I've got to say I was not impressed with my pronghorns. They wore out very quickly. Started to leak after a short time. The traction in these boots is terrible. Unless you are walking tall grass ONLY, they are not a very good boot for traction.

I have several pairs of Danners from the Canadian to the Pronghorns with several pair in between. I've been nothing but overly satisfied with all the pairs except the pronghorns.

I realize I'm hard on my boots and put a lot of miles on them a year. But I expected more out of Danner on these boots.


----------



## Bucky Goldstein

Ref said:


> About 5 years ago, I bought a pair of uninsulated Danner Pronghorns to wear in the early pheasant season. Last year on opening day, there was a ton of dew on the grass. It was like it had rained for two days. I could ring the water out of my socks at the end of the day's hunt. I sent the boots in to Danner with a note explaining my wet feet. Keep in mind that the boots were at least 5 years old. Danner replaced them at no cost to me!!!!! Actually, my only cost was shipping them back to Danner. They didn't even ask a single question. Their customer service is unmatched. If I ever need another pair of boots....it will be from Danner.
> 
> I bought the same boot size as my shoe size. They have been comfortable from day one.


I bought my first pair of Danner insulated Pronghorns a few months ago. I am satisfied with everything except the major aspect of keeping my feet dry.

I don't know if it's just a random bad pair, but they are like a sponge. My feet get soaked from a mild dew. They were treated properly with all the Danner approved sealants.

I have not gotten around to getting my situation with Danner resolved yet. Hopefully their customer service treats me the same way.


----------



## tlr

I have a new pair of danners and so do two of my boys.We hunted in rain and very wet grass and all of us had dry feet. This was the first hunt with them and none of us had sore feet either. 
We were wet up to our butts but our feet were dry. These boots were the pronghorns!


----------



## sonic

Are these the $170.00 ones? I'm willing to pay any price if they are worth it...


----------



## tlr

My pronghorns were $169 at Sheels, plus they had a $25 dollar off coupon.


----------



## USAlx50

sonic said:


> Are these the $170.00 ones? I'm willing to pay any price if they are worth it...

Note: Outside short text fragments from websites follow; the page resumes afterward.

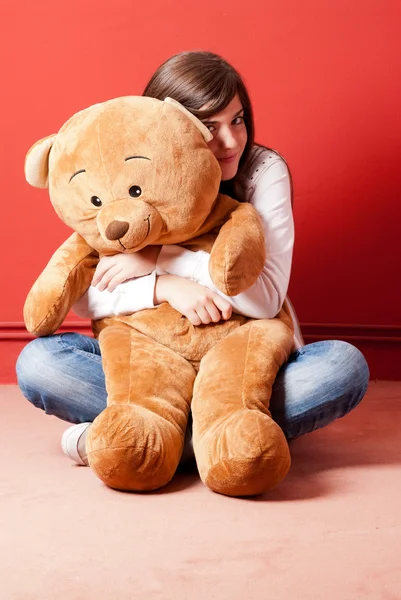 Junge Frau umarmt Teddybär auf dem Boden sitzend Stockfoto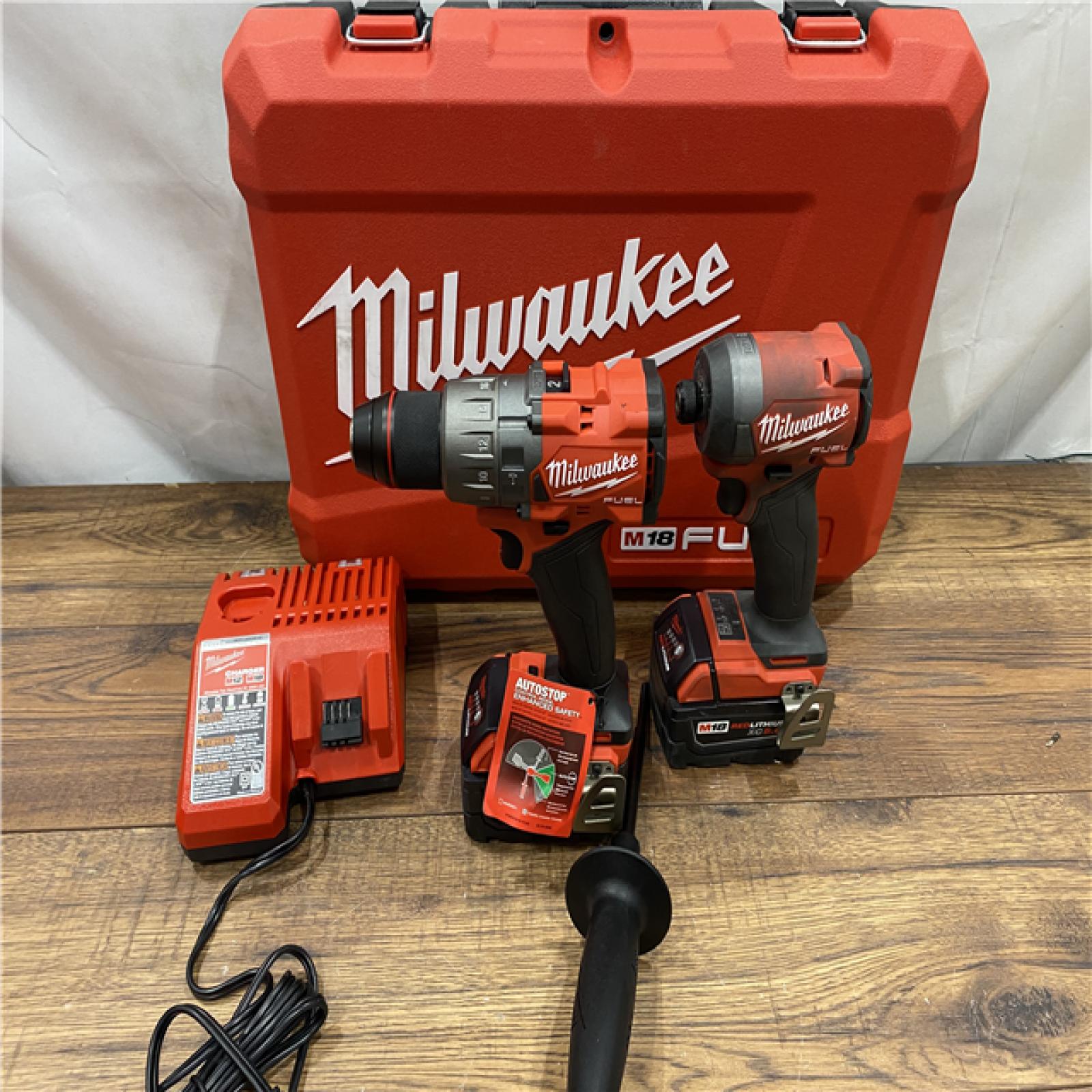 AS IS Milwaukee M18 FUEL 18V Lithium-Ion Brushless Cordless Hammer Drill and Impact Driver Combo Kit (2-Tool) with 2 Batteries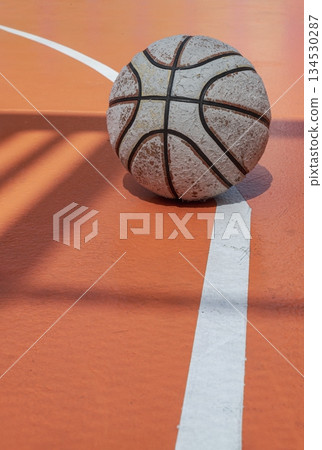 A battered basketball rests against the stark white leading lines of the vivid orange court. 134530287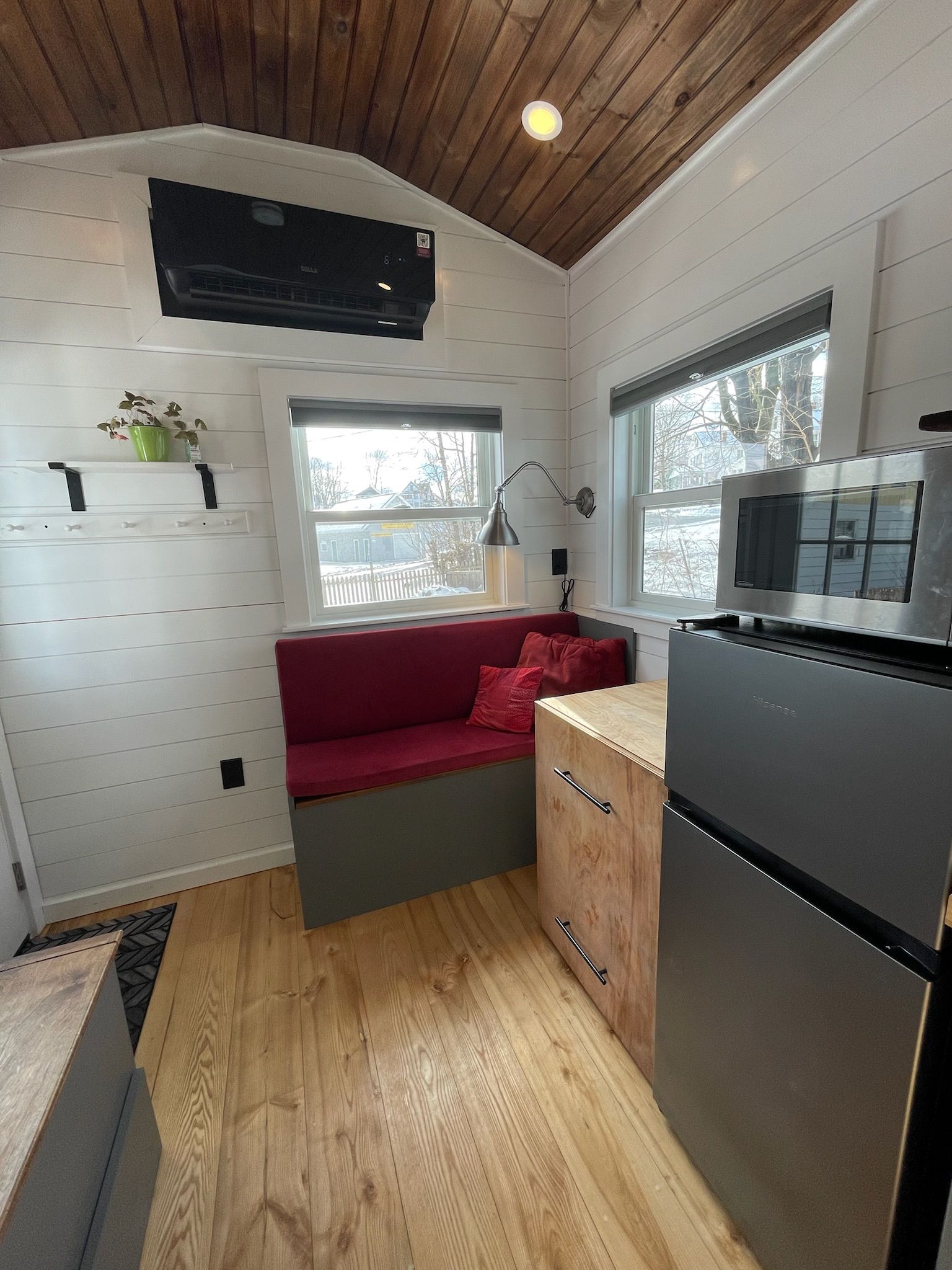 A compact kitchen with a built-in microwave, a red sofa, and wooden flooring.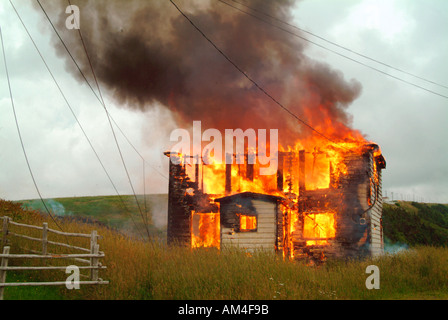 Ein kleines Haus auf den Boden in ein Feuer brennen Stockfoto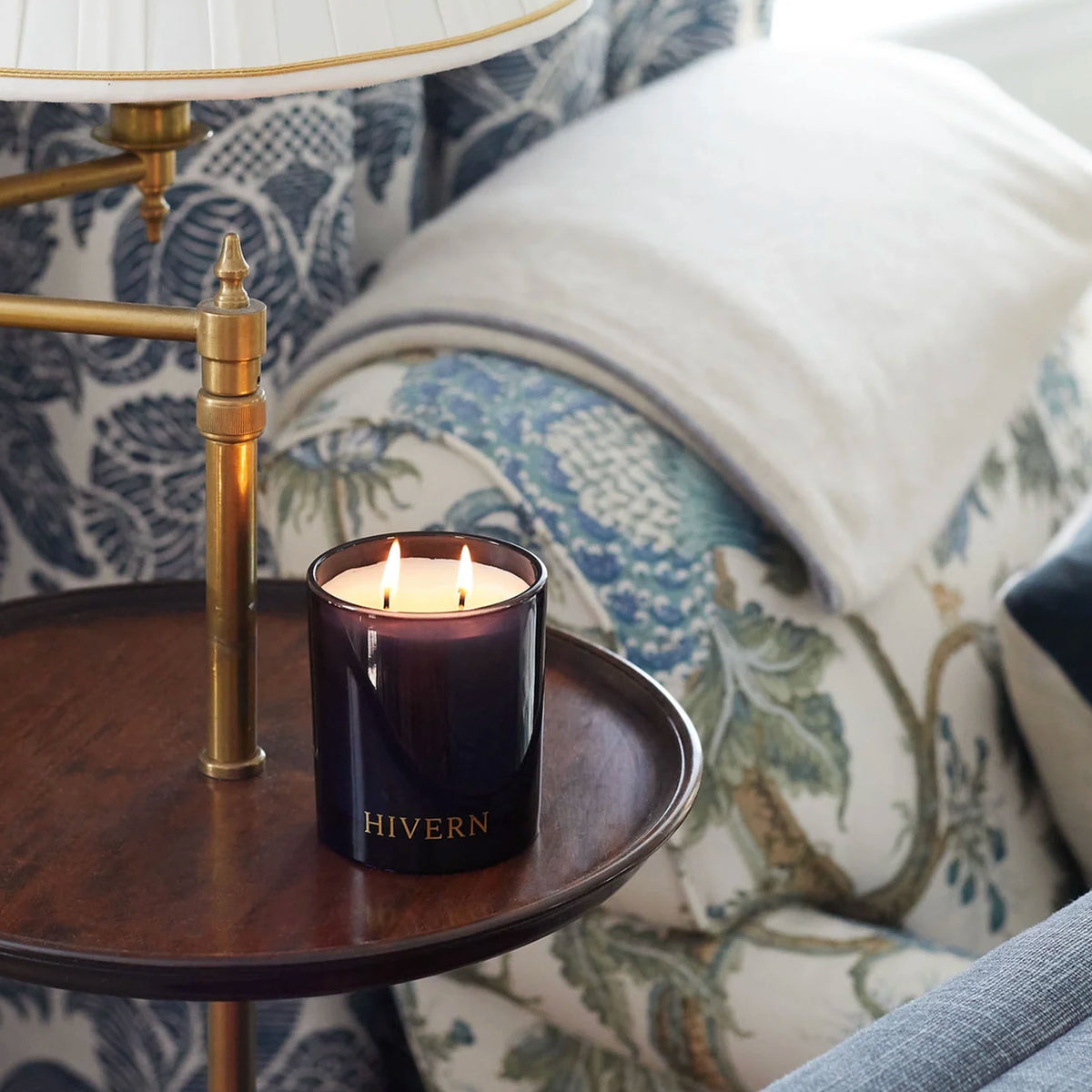Hivern soy candle lit in a dark glass vessel on a side table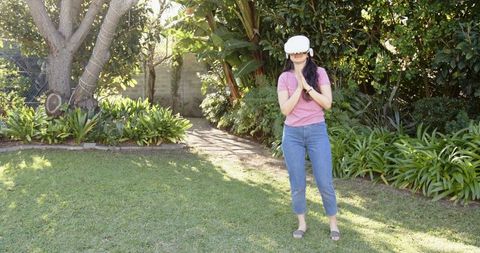 Asian Woman Enjoys Outdoor VR Experience in Sunny Garden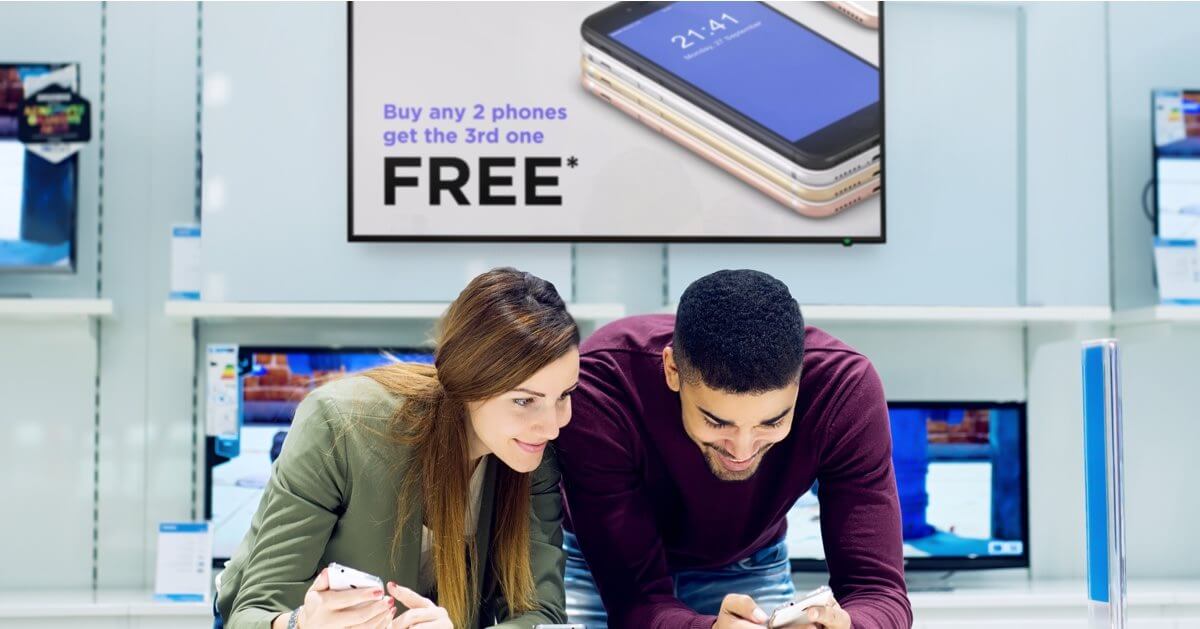 couple looking at phone at a store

yeah, thats what they usually go for.


----------



## Ref

Bucky,

I hunted pheasants on opening weekend in ND. Everybody knows how wet it was. There were places that I walked through where I thought that the water was deep enough to go over my pronghorns. My feet were "dry as a bone" at the end of each day.

It's hard for me to believe that Danner wouldn't stand behind their boots in your situation. Keep trying.


----------



## hunt4P&amp;Y

I have had two pairs of pronghorns. I like them, however I would never own a pair again. I go through a pair of hunting boots a year... I just bought a pair of Trophy's Hopefully they last a-little longer.

I had a pair of Danner's before they started making them out of the US and they lasted much longer... That is why I went to the Trophy's they are still made in the US. Hopefully they are a-little tougher!

For $170 bucks they aren't bad. Should last you a season of hard hunting!


----------



## Chaws

My first pair of pronghorns lasted me about 10 years before they finally started to leak. Just like any leather product you need to oil them up from time to time to keep the leather from cracking. I just bought another pair a couple weeks ago and the wet ND pheasant opener, my feet were dry as a bone. I like the new changes they've made to them in the last year or two with a slightly less aggressive sole.


----------



## 94NDTA

You may want to try LaCross boots as well. I have had a pair for three years now, they are holding up just as well as my fathers Danners, plus mine usually keep out more water than his.


----------